To promote the development of motivating work environments and personal well-being, some organizations are ensuring that the recruitment and selection processes they implement give rise to a greater emphasis on identifying personal aspects that operate on a social level. This is supported by the fact that a candidate with a better assertive communication capacity is more likely to resolve a conflict or internal debate with another than someone who does not have this socio-emotional skill developed (Guerra-Báez, 2019; Jääskelä et al., 2018; Succi & Canovi, 2020).

 

Internship and an Opportunity for its Development

Instances of internship process have an essential role in developing socio-emotional skills as they aim at the student implementing an accumulation of learning and experiences acquired during the training process and that, in a natural professional environment, students can run their skills and develop them towards the end of their studies and professional insertion in the labor market (Lemaitre, 2019; González, 2015;). Here is the question of how universities and their programs can make sure that this is so? and if an entity such as the National Accreditation Commission should move towards an active role of supervision for quality assurance (Comisión Nacional de Acreditación [CNA], 2015, 2020, 2021a, 2021b; translated to National Accreditation Commission).

According to the previous context, considering the internship space to emphasize the development of socio-emotional skills would be an excellent opportunity to support a progression of these skills currently in demand in professional practice. However, this training process is currently devoid of a support process delimited by aspects of quality assurance in education (CNA, 2013, 2014, 2015, 2021a, 2021b). This means that the existing policies are somewhat of a guide that leaves much room for how a process of insertion, progression, development, and evaluation of internship is implemented (CINDA, 2017; Opazo et al., 2019).

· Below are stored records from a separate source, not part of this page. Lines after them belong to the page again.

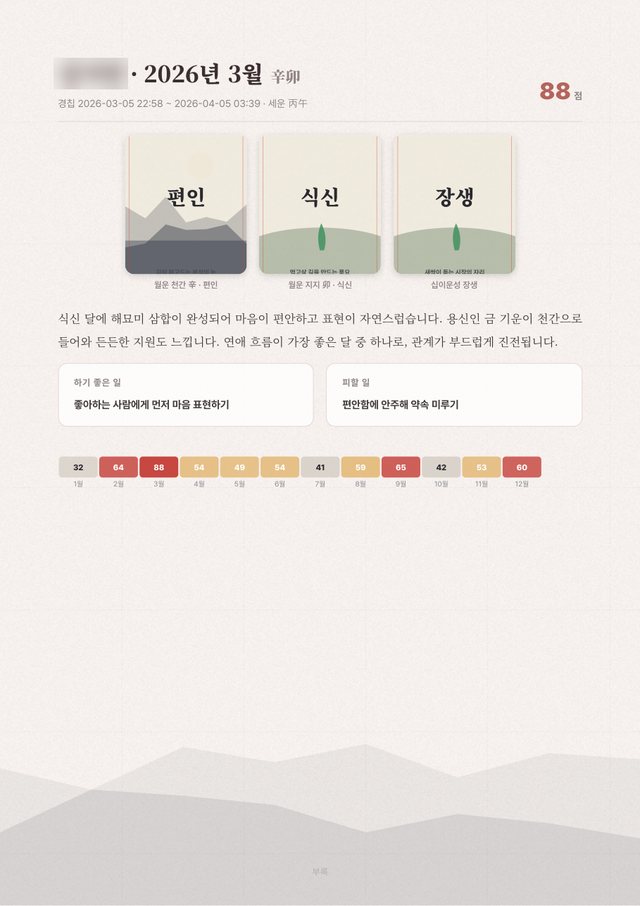 궁합사주 샘플 8 크게 보기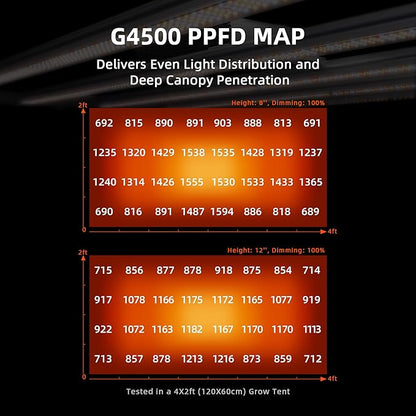 Spider Farmer G4500 Cost-Effective 320W 2x4 Coverage LED Grow Lights, Full Spectrum Dimmable Bar Style Led Growing Lamp for Indoor Plants, 2025 Upgraded App Remote Control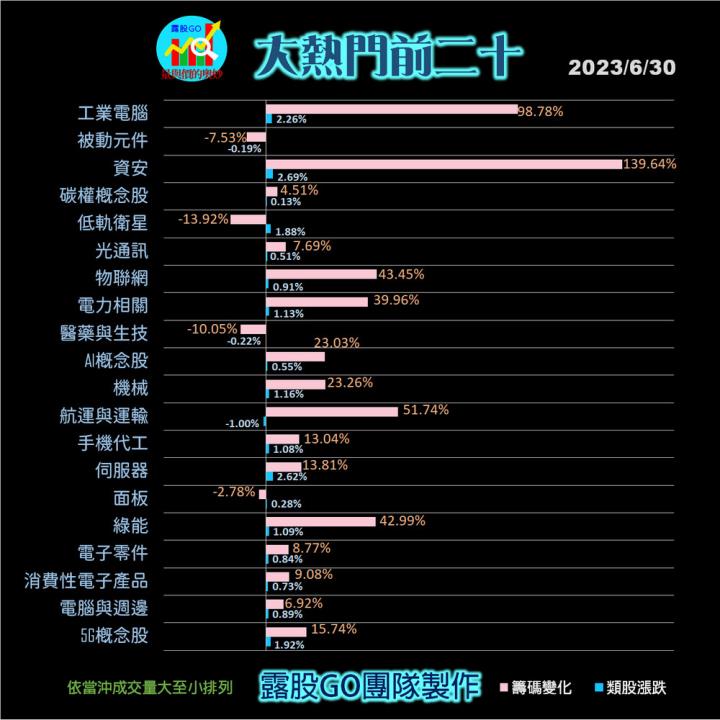20230630台指期赤道線(期貨)分析/股票通關密碼/籌碼變化前十類股/各類股籌碼與漲跌 (露股go)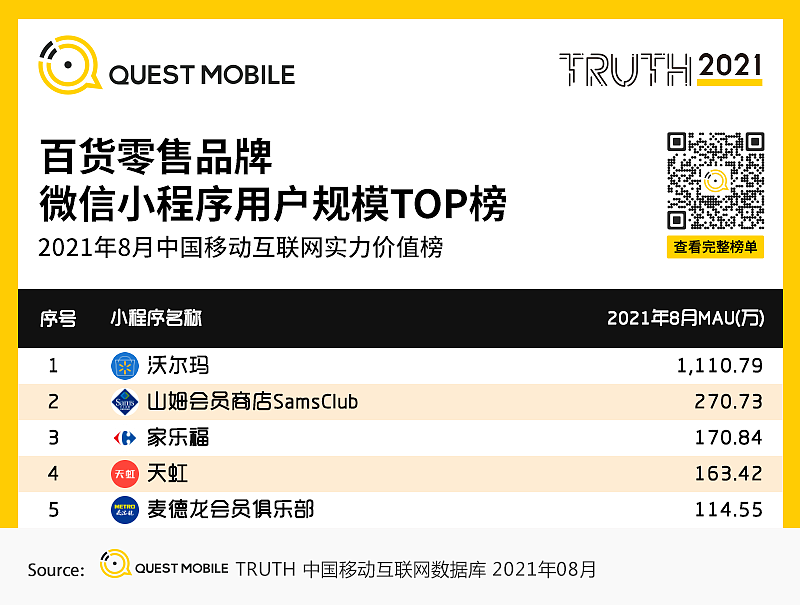 QuestMobile2021微信小程序秋季报告：月活用户规模超过千万的小程序数量已经达到115个，品牌玩家私域效果同时显现 - 26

The Teacher as a Mediator in the Development of Socio-Emotional Skills

The role of a teacher as a mediator favors the student’s ability to capture and process information (Dignath, 2016; Kaur et al., 2019; Lee & Brett, 2015; Oonk et al., 2020; Yusof et al., 2015); in addition to collaborating in the identification and construction of a more effective response, either in the resolution of conflicts, frustrations, and opportunities for improvement, as well as in the execution of effective, empathetic and assertive communication (Darling-Hammond, 2006; Karlen et al., 2020; Talvio et al., 2016).

Vygotsky proposed mediation as an instance to take a person from their Zone of Real Development to their Zone of Proximal and Potential Development (Baquero & Cárdenas, 2019; Kivunja, 2014). Likewise, Feuerstein, in his theory of cognitive modifiability, brings together the arguments and proposes a model of Mediated Learning Experience in which structural cognitive modifiability is possible through the mediation process (Feuerstein et al., 2006; Feuerstein & Jensen, 1980). Therefore, considering the instance of interaction between the teacher and the student in the internship process allows us to ponder mediation as a tool that would benefit the student’s development, both cognitively and emotionally, facilitating the development of their socio-emotional skills in the internship process (Darling-Hammond, 2006, 2016; Milkman et al., 2021; Winsler et al., 2014).

In the analysis conducted by Yeager (2017), within the framework of socio-emotional learning, he delves into studies carried out on subjects who belonged to secondary educational levels. He identified that the levels of development of socio-emotional skills were lower than those possible to stimulate in students of primary levels due to the flexibility and adaptation in the self-perception that the subjects present at an early age. However, in the same study, it is stated that one of the most relevant aspects of dealing with adolescent and pre-adult students was their construction of beliefs and type of mentality regarding their personality. Developing socio-emotional skills is more difficult in subjects with a static belief regarding their personality than in those with a dynamic and changing view of it (Duckworth & Gross, 2020; Dweck & Master, 2008; Yeager, 2017).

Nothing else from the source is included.